Les deux hommes ont dû s’entendre puisque le général Sérant demande aussitôt à ce que son prédécesseur soit autorisé à rester auprès de lui jusqu’au 1er avril pour le passage des consignes174, puis même jusqu’au 15 mai pour « le consulter sur les cas litigieux les plus délicats »175.

La Direction menacée de disparition ?

Pendant que la direction prend le chemin du repli, la question de la défense passive fait pendant tout l’été l’objet de discussions dans le cadre de la mise en oeuvre des clauses d’armistice. Les négociations se déroulent dans le cadre de la Commission allemande d’Armistice, sise à Wiesbaden, et, en matière de défense aérienne, portent il est vrai essentiellement sur l’avenir de l’Armée de l’air. Celle-ci fait l’objet d’un premier projet d’organisation pour la période durant laquelle le gouvernement français devra défendre son territoire contre les attaques aériennes anglaises. Un second sera « mis en vigueur lorsque se termineront les hostilité entre l’Angleterre et la France »176, signe que l’armistice est encore considérée comme une étape très passagère. C’est le colonel Pessel, adjoint depuis le début au Directeur de la défense passive, qui le représente dans ces instances. Pour avoir occupé auparavant pendant plus de 4 ans les fonctions de chef de la section « Défense passive » à l’inspection générale de la Défense aérienne du territoire, et exercé comme officier DAT à la 6e région militaire177, il est un fin connaisseur du sujet.
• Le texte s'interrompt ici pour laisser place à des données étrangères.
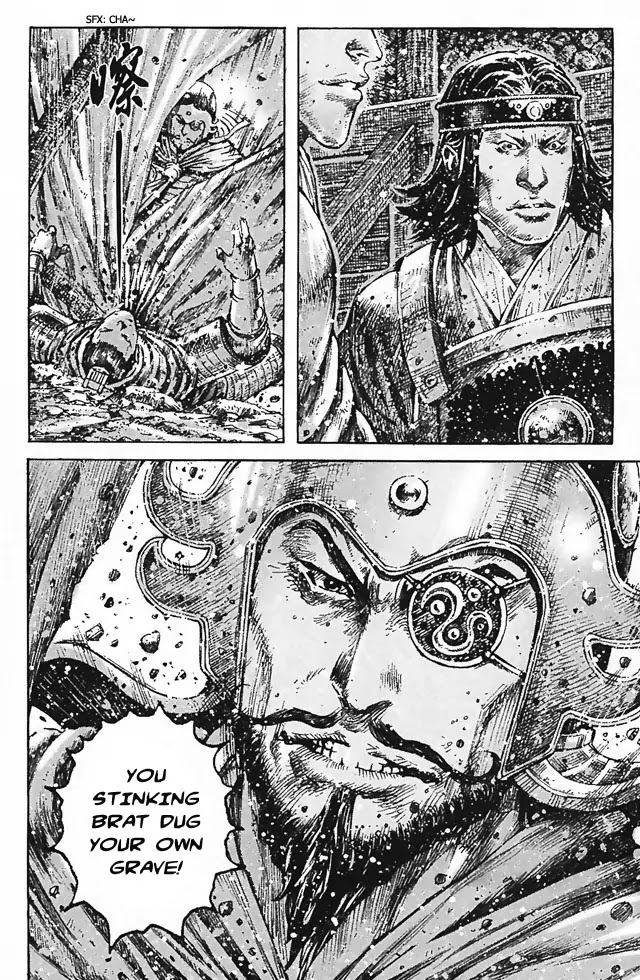 The Ravages of Time Chapter 343 - Page 12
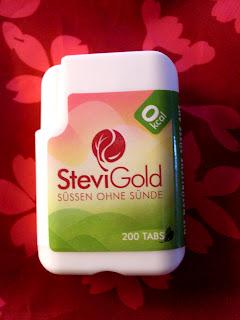 [Produkttest] Stevi-Gold von Mangostan Gold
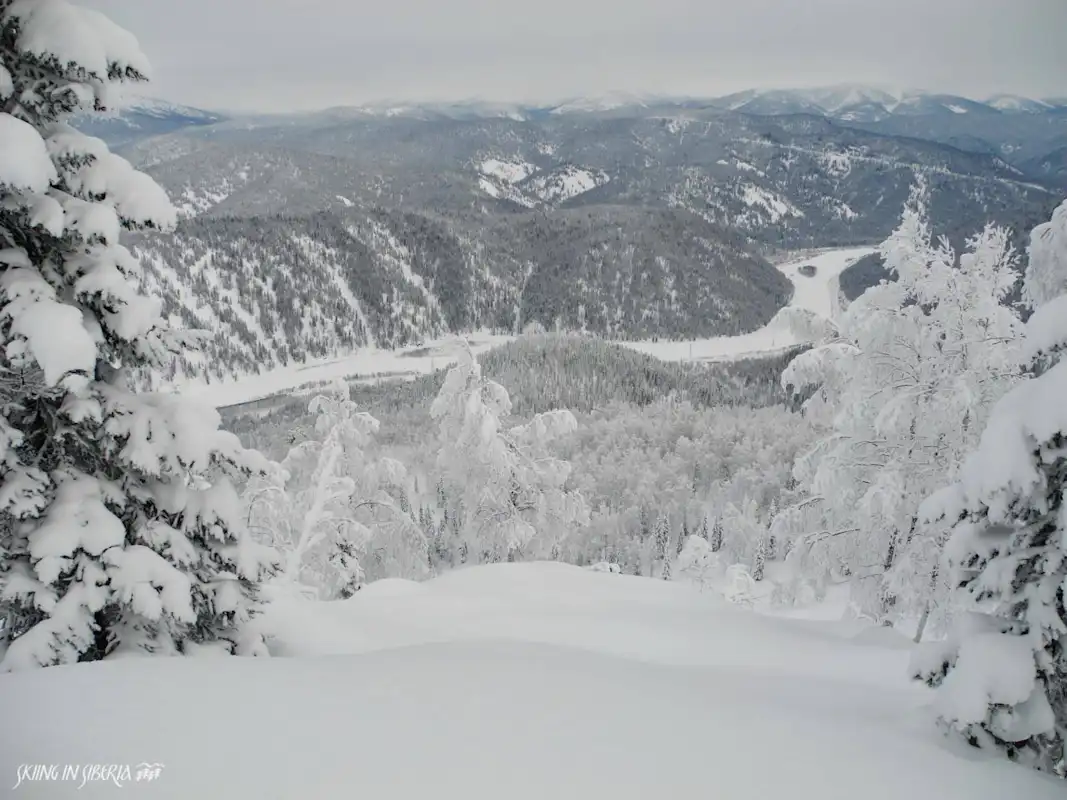 Best Freeride and Ski Touring Spots in Russia post image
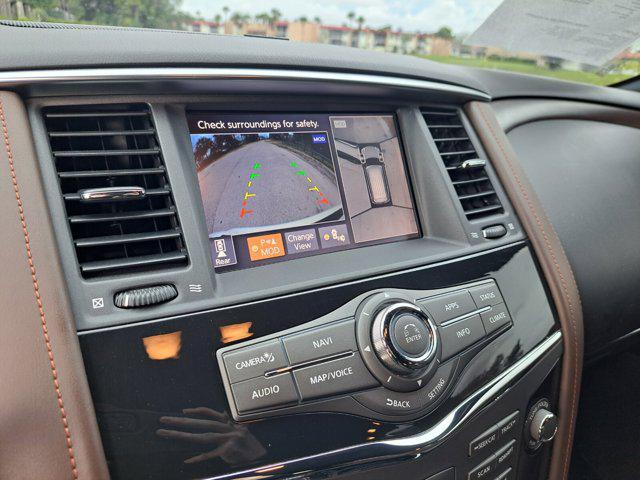 used 2018 Nissan Armada car, priced at $22,479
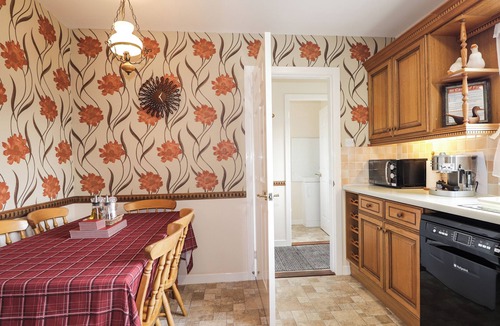 Kyleakin Cottage | 3 bedroom accommodation in Gorstan, near Garve
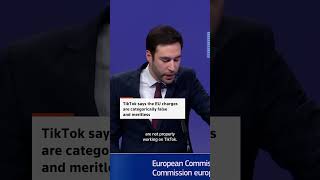 TikTok charged for breaching EU rules with addictive features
Selon son propre rapport, il est délégué par le Gouvernement français auprès de la Commission allemande d’Armistice pour mettre au point les questions de défense passive en zone occupée et se rend à Wiesbaden le 11 juillet 1940. Là bas, le général Mouchard, chef de la Section française de l’Air, après s’être entretenu de la question avec son homologue allemand le Generalleutnant Förster, l’aurait avisé de traiter de ce sujet avec le Chef de l’Administration militaire en France*. Arrivé à Paris, le colonel Pessel rencontre le Polizei Major Von der Gröben et s’entend avec lui le 1er août sur le fait que le Gouvernement français conserve la responsabilité de la défense passive sur tout le territoire, qu’un échelon de la DDP devrait s’installer à Paris et qu’en fait, il serait même possible qu’elle y retourne complètement178. Dès son retour à Sarlat, le colonel Pessel, certainement satisfait de ses entretiens, en avise le Gouvernement179. Le ministre de la Défense nationale, le général Weigand, donne aussitôt son accord pour ce projet et charge le général Daudin de prendre les dispositions nécessaires pour installer d’urgence à Paris son adjoint, puis de préparer le retour de l’ensemble de ses services aux environs du 20 août180.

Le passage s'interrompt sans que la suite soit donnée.